**PROBLEM TO WORK ON:**
Exclude the pictures from your copy, and reproduce each entry below verbatim.

**THE DATA:**
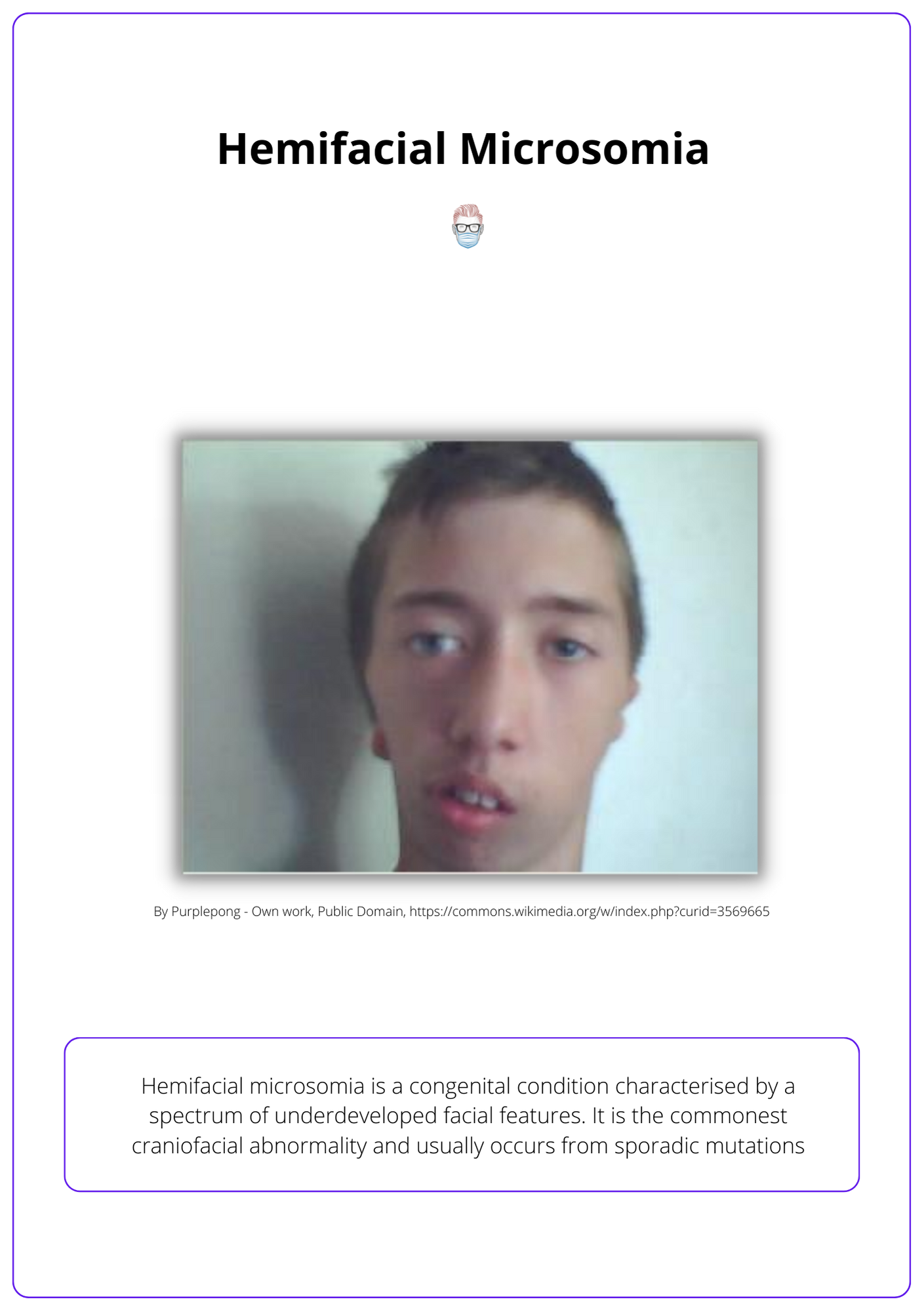 Presentation of hemifacial microsomia 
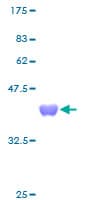 Human TXN / Thioredoxin / TRX Protein (Recombinant GST)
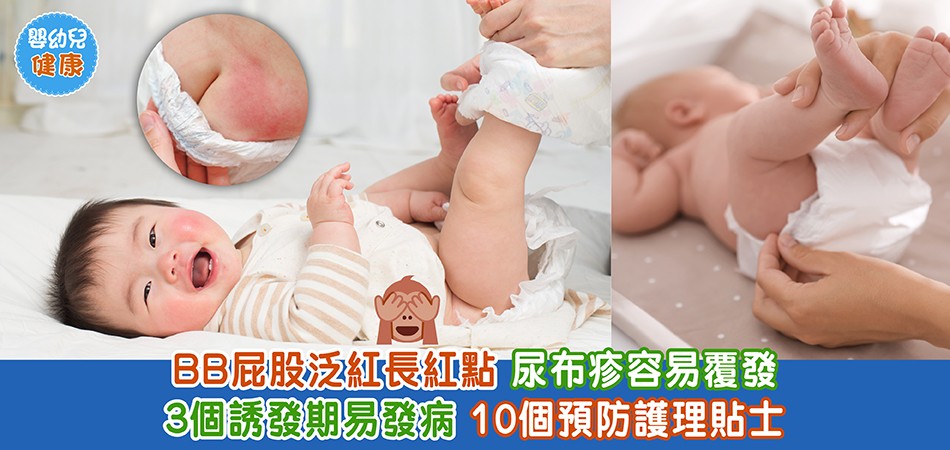 秋冬嬰幼兒健康｜BB屁股泛紅長紅點 3個尿布疹的誘發期+10個預防護理貼士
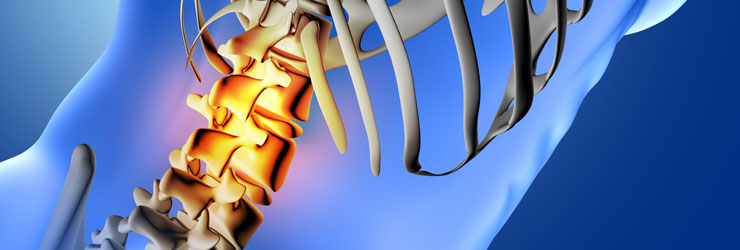 Minimally Invasive Spine Surgery | Mehta Spine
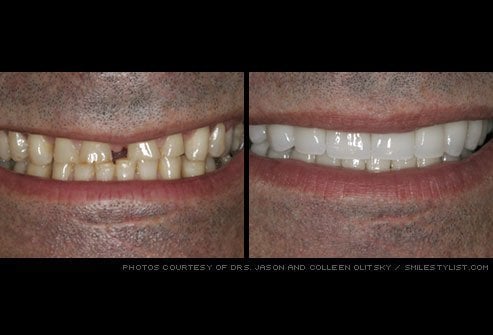 Before & after dental treatment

**RESPONSE AREA:**
 Presentation of hemifacial microsomia 
 Human TXN / Thioredoxin / TRX Protein (Recombinant GST)
 秋冬嬰幼兒健康｜BB屁股泛紅長紅點 3個尿布疹的誘發期+10個預防護理貼士
 Minimally Invasive Spine Surgery | Mehta Spine
 Before & after dental treatment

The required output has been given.